Market Data
REIT Cycle Poised for Upswing
By George Green |
After posting impressive total annual returns of 35.8 percent in 1996 and 18.9 percent in 1997, real estate investment trust (REIT) total returns plummeted to a negative 11.4 percent during the first seven months of 1998. This sudden decline has left investors scrambling. However, on a historic basis, it is not exceptional for the REIT market to experience sharp declines after a strong prior year. In fact, from 1972 through 1997, four other years had negative total annual returns when the prior year’s total returns exceeded 11 percent.

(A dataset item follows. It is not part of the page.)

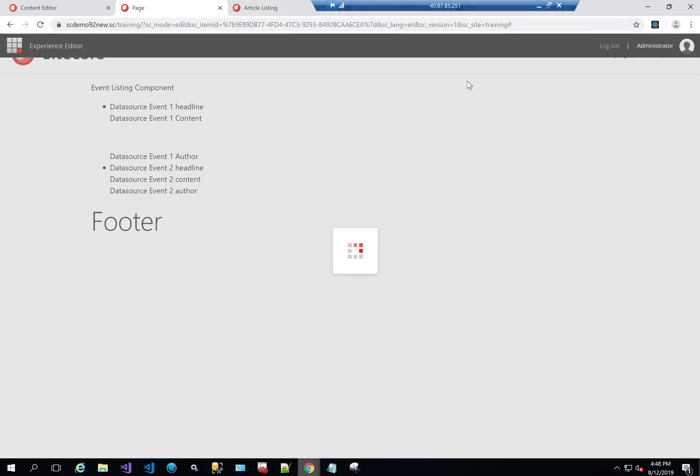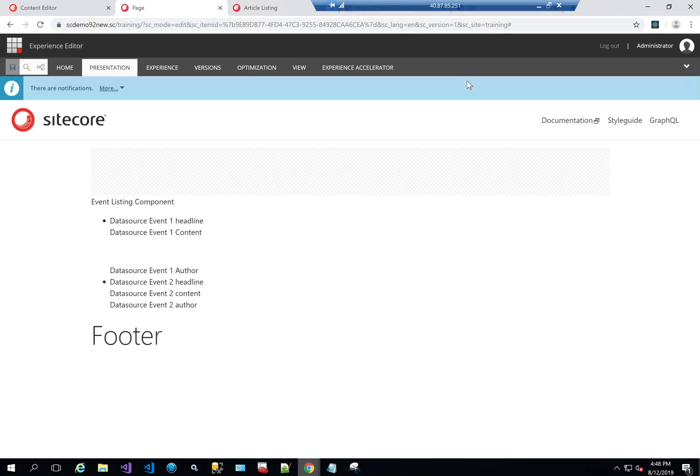Thanks for watching. In the next video we're going to go into GraphQL and how to do pages that have search filters and other capabilities within that context.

The REIT market has been influenced by several issues. The highly volatile stock market during 1998 caused institutional investors to take positions in large cap stocks, which offer the greatest liquidity. However, a trade of a large number of small cap shares could cause other large shareholders to reevaluate their positions, leading to significant price swings. Most REITs fall into the small cap category. Consequently, some of the downward pricing movement can be explained by the outflow of capital from small cap stocks to large cap stocks.

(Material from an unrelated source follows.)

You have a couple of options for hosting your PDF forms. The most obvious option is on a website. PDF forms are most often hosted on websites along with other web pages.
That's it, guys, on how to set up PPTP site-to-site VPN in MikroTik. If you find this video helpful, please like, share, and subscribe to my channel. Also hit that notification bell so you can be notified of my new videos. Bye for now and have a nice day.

Clipping Paired Share (Stapled) REITs.
In July 1998, President Clinton signed into law the Internal Revenue Service Restructuring and Reform Act of 1998. The act froze the grandfather status of stapled REITs, which prohibits them from adding more properties under the stapled REIT structure. Stapled REIT prices then plunged as short-term investors rushed to unload their positions. Consequently, many institutional investors that had not been long-term players in the REIT market abandoned the sector entirely.
Self-Inflicted Wounds.
According to National Association of Real Estate Investment Trusts statistics, $62.7 billion in new REIT securities were issued between 1996 and 1997. This exceeded the entire level of new issues between 1984 and 1995. Through July 1998, REIT security issuance totaled $27.7 billion. This continued high level of REIT issuance outstripped demand for new REIT securities, which put downward pressure on pricing. Many REITs have put on hold aggressive expansion plans due to a lack of demand for new equity.

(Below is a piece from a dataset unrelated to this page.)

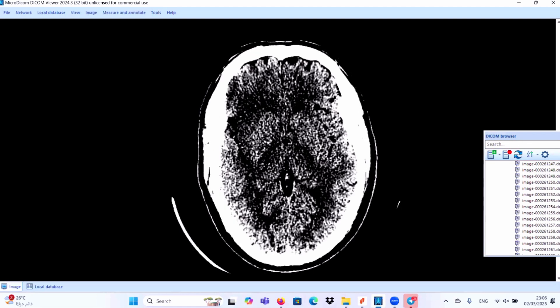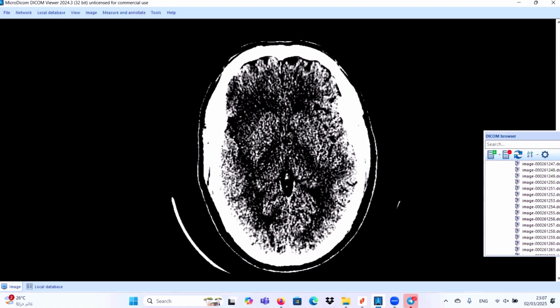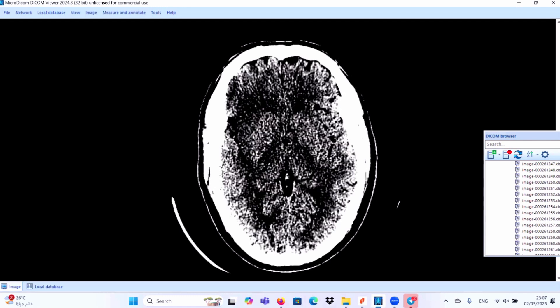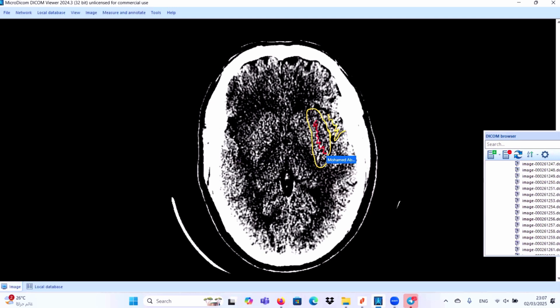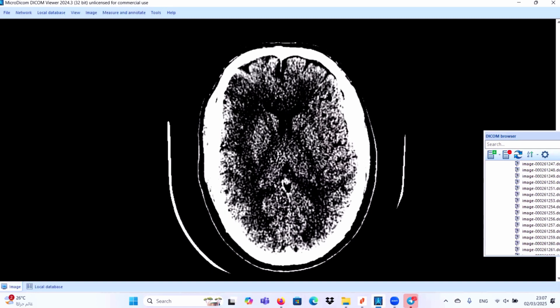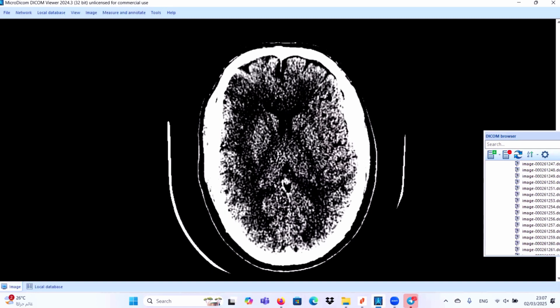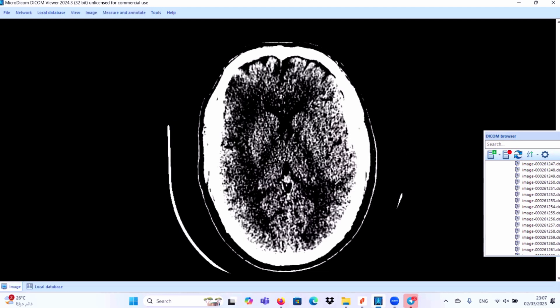And we will search for the other signs for early acute ischemic insult. If you go here, you will find this is the insula, this is the Sylvian fissure, and this is the insula. Look at the insula, this is the normal density. Look at the contralateral side: the insula appears hypodense as compared to the contralateral side. This is called insular ribbon sign.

Another factor in the tepid demand for initial public offerings or secondary REIT offerings is the prices that REITs recently have paid for properties. Properties with high vacancies and low values were snapped up in 1995 and 1996, leaving higher-value properties with stabilized cash flows for purchase. The frenzy of acquisition activity from 1996 to 1998 resulted in capitalization rates being bid steadily downward as owners entertained offers from multiple REITs. The good news is that some REITs capitalized on this trend by selling properties at above replacement cost and plowing the proceeds into new development.
1999 Prospects
The prospect for improvement in the REIT market is sound for 1999. This was an unusual year in which the REIT market was stung by both unfavorable legislation and capital flows. Such circumstances are unlikely to be replicated in 1999. From 1972 through 1998, there was only one experience, 1973 and 1974, when REIT total returns were negative for two consecutive years. Some of the strongest years for REIT appreciation have occurred after a year of negative total returns. In August 1998, many REIT stocks were priced at levels below the value of the underlying assets. This creates the potential for price appreciation. These factors point toward an improved REIT market in 1999. However, if the bear market continues into 1999, the level of improvement will be diminished significantly.